▶ **Exercise description**
A faithful copy is needed of the lines below from the one with "Victoria Queens Paradise" up to and including the one with "Darıca Belediye Başkanı"; set it down with no pictures and no other lines.

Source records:
━━━

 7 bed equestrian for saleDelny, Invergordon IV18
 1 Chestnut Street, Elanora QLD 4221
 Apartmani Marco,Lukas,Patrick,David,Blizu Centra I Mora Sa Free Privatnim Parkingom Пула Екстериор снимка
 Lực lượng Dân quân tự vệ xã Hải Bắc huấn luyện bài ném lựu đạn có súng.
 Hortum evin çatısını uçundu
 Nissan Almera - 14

━━━

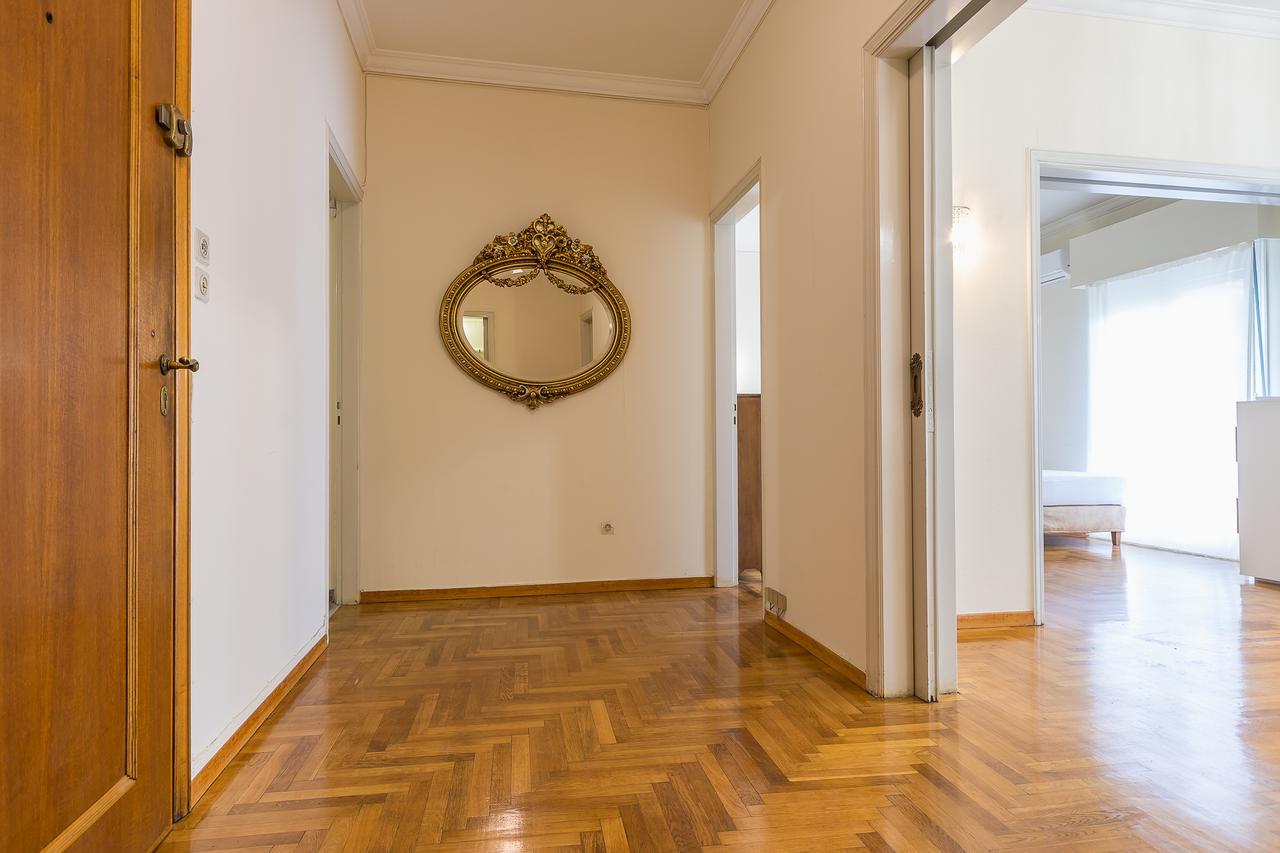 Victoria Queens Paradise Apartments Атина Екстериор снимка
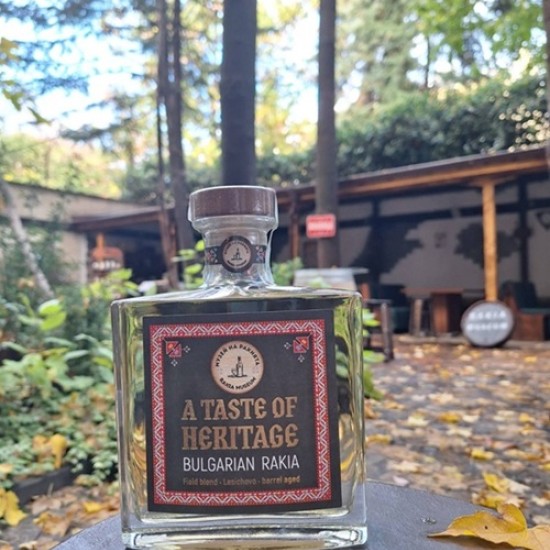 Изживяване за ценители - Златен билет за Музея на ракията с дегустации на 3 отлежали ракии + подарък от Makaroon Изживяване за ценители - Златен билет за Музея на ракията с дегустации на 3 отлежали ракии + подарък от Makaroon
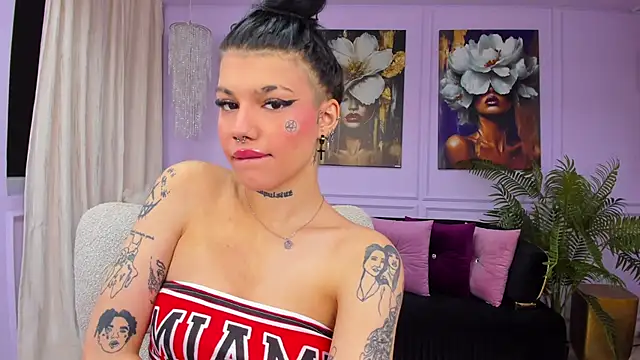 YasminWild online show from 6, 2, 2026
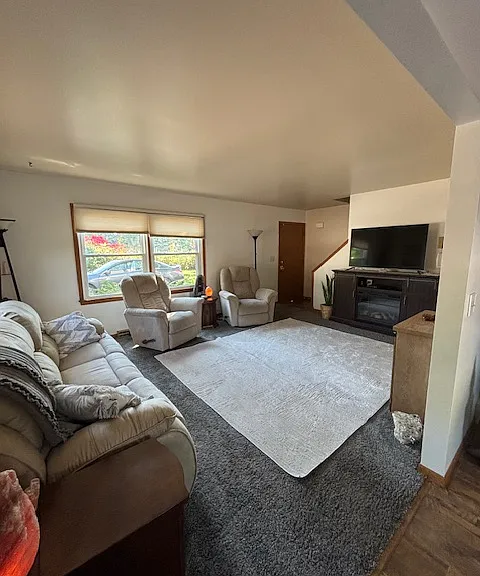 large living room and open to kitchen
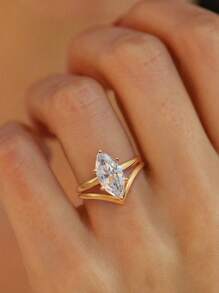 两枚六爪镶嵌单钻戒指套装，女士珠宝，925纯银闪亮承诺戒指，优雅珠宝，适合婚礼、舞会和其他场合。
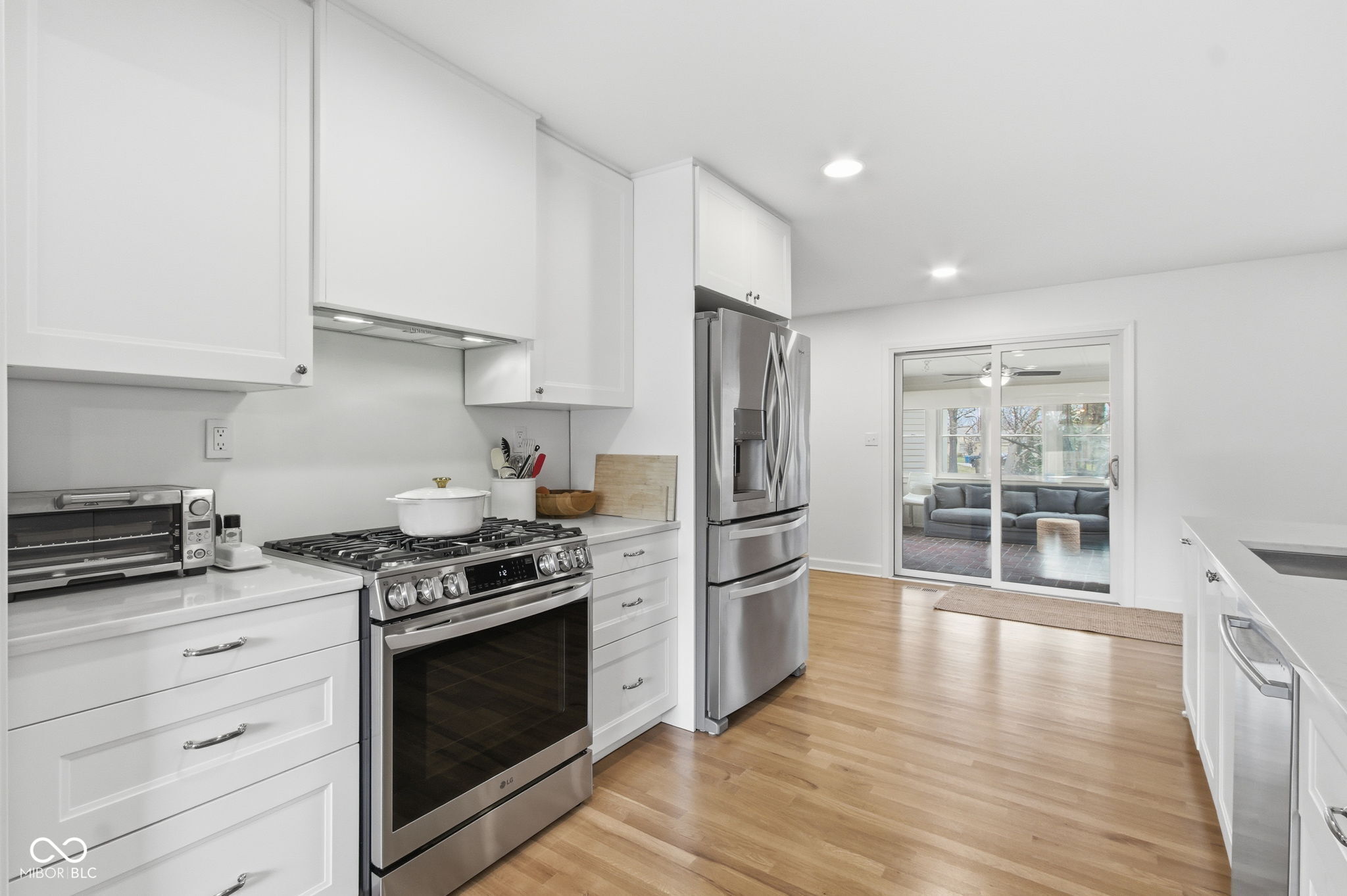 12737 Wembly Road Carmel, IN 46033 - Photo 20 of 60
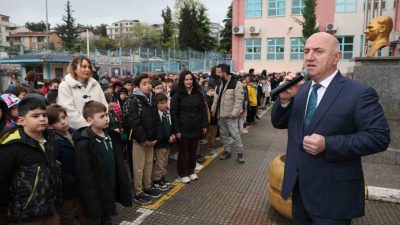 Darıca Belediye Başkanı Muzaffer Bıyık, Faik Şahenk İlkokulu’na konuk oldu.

━━━

▶ **Your solution**
 Victoria Queens Paradise Apartments Атина Екстериор снимка
 Изживяване за ценители - Златен билет за Музея на ракията с дегустации на 3 отлежали ракии + подарък от Makaroon Изживяване за ценители - Златен билет за Музея на ракията с дегустации на 3 отлежали ракии + подарък от Makaroon
 YasminWild online show from 6, 2, 2026
 large living room and open to kitchen
 两枚六爪镶嵌单钻戒指套装，女士珠宝，925纯银闪亮承诺戒指，优雅珠宝，适合婚礼、舞会和其他场合。
 12737 Wembly Road Carmel, IN 46033 - Photo 20 of 60
 Darıca Belediye Başkanı Muzaffer Bıyık, Faik Şahenk İlkokulu’na konuk oldu.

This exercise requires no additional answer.